60 seconds in a minute,
60 minutes in an hour
And so 1 of the larger unit
is equal to 3600 of the smaller unit.
And so we can multiply by that,
And if we do that,
The 'hours' will cancel out.
And we'll get 280 divided by 3600
kilometers per second.
But I want to do all my math at once,
so let's also do the conversion from
kilometers to meters.
So once again,
we have kilometers in the numerator,
so we want kilometers in the denominator now.
So it cancels out.
And we want meters in the numerator.
And what's the smaller unit?
It's meters, and we have 1,000 meters
for every 1 kilometer.
And when you multiply this out,
the kilometers are going to cancel out,
and you're going to be left with
280 times 1,000 all over 3600,
And the units we have left are:
meters per second.
So let's get my trusty TI-85 out
and actually calculate this.
So we have 280 * 1,000,
which is obviously 280,000,
but let me just divide that by 3600.
And it gives me 77.7 repeating.
And it looks like I had 2 significant digits
in each of these original things,
I had 1.0 over here,
not 100% clear how many
significant digits I have over here.
Was the spec rounded
to the nearest 10 kilometers,
or was it exactly 280 km/h?
Just to be safe,
I'll assume that it's rounded
to the nearest 10 kilometers,
so we only have 2 significant digits here.

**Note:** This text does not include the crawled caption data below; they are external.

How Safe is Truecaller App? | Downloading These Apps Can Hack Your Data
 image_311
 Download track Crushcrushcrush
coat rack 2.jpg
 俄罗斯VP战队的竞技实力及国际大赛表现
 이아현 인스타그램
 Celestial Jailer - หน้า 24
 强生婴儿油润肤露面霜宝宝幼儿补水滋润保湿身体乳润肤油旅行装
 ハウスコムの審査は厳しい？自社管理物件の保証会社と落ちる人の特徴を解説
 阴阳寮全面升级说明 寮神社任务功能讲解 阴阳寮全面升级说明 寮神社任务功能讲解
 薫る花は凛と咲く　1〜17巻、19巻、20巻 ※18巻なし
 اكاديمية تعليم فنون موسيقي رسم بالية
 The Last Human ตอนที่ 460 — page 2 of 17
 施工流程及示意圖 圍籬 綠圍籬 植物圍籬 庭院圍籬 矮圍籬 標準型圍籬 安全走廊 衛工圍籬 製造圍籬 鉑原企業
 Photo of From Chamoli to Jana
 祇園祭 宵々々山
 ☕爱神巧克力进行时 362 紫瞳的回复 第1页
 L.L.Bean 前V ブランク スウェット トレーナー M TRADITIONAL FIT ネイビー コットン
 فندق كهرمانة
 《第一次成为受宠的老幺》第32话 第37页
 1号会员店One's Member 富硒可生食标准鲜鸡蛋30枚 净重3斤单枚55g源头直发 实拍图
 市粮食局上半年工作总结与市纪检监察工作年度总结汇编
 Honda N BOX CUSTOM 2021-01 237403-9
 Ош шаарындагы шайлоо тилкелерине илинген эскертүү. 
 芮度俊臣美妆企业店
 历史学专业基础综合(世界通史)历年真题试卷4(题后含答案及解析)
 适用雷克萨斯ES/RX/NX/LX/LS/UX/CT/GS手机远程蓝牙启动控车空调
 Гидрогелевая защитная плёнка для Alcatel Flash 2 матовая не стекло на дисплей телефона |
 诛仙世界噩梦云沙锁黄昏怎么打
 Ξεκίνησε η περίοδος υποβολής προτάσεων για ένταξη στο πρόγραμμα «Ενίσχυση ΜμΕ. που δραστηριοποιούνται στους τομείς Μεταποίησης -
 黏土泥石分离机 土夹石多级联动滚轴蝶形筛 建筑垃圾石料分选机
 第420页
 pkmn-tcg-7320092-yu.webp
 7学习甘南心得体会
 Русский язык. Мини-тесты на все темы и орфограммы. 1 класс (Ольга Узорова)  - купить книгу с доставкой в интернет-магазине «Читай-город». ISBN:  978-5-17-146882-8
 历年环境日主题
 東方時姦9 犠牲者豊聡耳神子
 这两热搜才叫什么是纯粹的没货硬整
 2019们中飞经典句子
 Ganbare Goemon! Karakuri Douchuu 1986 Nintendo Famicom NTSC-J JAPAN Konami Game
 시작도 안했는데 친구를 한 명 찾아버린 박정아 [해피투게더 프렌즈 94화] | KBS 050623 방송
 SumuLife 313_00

So we should only have 2 significant digits
in our answer,
so we're gonna round this to 78 m/s.
So this is going to be 78 m/s,
which is pretty fast!
For this thing to take off,
every second that goes by,
it has to travel 78 meters,
roughly 3/4 the length of a football field
in every second.
But that's not what we're trying to answer,
we're trying to say how long
will take-off last?
Well we could just do this in our head,
if you think about it.
The acceleration is 1 m/s per second,
which tells us:
after every second,
it's going 1 m/s faster.
So, if you start at a velocity of 0,
and then after 1 second,
it will be going 1 m/s.
After 2 seconds,
it will be going 2 m/s.
After 3 seconds,
it will be going 3 m/s.
So how long will it get to 78 m/s?
Well, it will take 78 seconds.
It'll take 78 seconds, or roughly
a minute and 18 seconds.
And just to verify this
with our definition of acceleration,
so to speak,
just remember acceleration,
which is a vector quantity,
and all the directions
we're talking about now
are in the direction of
this direction of the runway.
The acceleration is equal to
change in velocity over change in time.
And we're trying to solve for:
how much time does it take,
or the change in time.
So let's do that.
So let's multiply both sides by
change in time.
You get Δt * acceleration
is equal to
change in velocity.
And to solve for change in time,
divide both sides by the acceleration,
you get change in time.
I could go down here,
but I just want to use all this
real-estate I have over here.
I have change in time
is equal to
change in velocity
divided by acceleration.
And in this situation,
what is our change in velocity?
Well, we're starting off with the velocity,
or we're assuming we're starting off
with the velocity of 0 m/s,
and we're getting up to 78 m/s,
so our change in velocity is
the 78 m/s.
So this is equal,
in our situation.
78 m/s is our change in velocity.
I'm taking the final velocity,
and subtracting from that
the initial velocity,
which is 0 m/s,
and you just get this
divided by the acceleration,
divided by 1 m/s per second,
or 1 m/s^2.
So the numbers part is pretty easy.
You have 78 divided by 1,
which is just 78,
and then the units, you have:
meters per second,
and then if you divide by m/s^2,
that's the same thing as multiplying by
seconds squared per meter.
Dividing by something is the same thing
as multiplying by its reciprocal,
and you can do the same thing with units.
And then we see
the meters cancel out,
and then sec^2 divided by seconds
you're just left with seconds.
So once again, we get 78 seconds.
A little over a minute for this thing to take off.